Copy the listing below line for line, starting at its first line and ending with the line that has "NWOTs Men's Adidas Runvista Sneakers" in it. Add nothing.

§ Material shown:
╔══
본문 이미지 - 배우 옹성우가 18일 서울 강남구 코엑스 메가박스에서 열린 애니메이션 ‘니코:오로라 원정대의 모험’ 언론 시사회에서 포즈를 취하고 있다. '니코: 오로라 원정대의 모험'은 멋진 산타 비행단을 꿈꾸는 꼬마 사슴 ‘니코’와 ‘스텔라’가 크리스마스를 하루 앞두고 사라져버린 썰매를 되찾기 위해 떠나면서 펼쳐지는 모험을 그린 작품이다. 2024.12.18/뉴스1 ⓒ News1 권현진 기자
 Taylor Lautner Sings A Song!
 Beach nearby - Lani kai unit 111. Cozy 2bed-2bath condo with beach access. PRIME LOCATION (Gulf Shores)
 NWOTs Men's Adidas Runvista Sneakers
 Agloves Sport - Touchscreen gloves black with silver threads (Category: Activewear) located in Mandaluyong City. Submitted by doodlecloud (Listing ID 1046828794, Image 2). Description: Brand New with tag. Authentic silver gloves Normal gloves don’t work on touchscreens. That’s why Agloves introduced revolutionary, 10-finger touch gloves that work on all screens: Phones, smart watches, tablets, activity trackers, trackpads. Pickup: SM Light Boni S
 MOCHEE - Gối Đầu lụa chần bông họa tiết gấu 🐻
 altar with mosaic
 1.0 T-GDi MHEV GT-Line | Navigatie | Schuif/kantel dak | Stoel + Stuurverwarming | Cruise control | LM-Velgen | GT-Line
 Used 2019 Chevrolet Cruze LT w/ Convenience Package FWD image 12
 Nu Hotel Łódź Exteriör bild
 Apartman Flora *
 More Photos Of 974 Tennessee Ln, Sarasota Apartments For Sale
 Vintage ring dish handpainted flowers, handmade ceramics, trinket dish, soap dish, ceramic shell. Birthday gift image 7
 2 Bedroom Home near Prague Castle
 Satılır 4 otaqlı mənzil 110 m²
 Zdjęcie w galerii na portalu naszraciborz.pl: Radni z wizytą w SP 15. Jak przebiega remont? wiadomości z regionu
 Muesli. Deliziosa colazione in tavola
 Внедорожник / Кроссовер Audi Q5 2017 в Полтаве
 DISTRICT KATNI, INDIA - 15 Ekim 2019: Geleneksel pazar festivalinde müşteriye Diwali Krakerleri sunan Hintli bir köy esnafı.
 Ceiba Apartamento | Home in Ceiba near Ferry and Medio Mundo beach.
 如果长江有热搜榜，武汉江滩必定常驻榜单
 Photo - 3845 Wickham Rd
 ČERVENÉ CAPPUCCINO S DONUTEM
╚══
§ Finished task:
본문 이미지 - 배우 옹성우가 18일 서울 강남구 코엑스 메가박스에서 열린 애니메이션 ‘니코:오로라 원정대의 모험’ 언론 시사회에서 포즈를 취하고 있다. '니코: 오로라 원정대의 모험'은 멋진 산타 비행단을 꿈꾸는 꼬마 사슴 ‘니코’와 ‘스텔라’가 크리스마스를 하루 앞두고 사라져버린 썰매를 되찾기 위해 떠나면서 펼쳐지는 모험을 그린 작품이다. 2024.12.18/뉴스1 ⓒ News1 권현진 기자
 Taylor Lautner Sings A Song!
 Beach nearby - Lani kai unit 111. Cozy 2bed-2bath condo with beach access. PRIME LOCATION (Gulf Shores)
 NWOTs Men's Adidas Runvista Sneakers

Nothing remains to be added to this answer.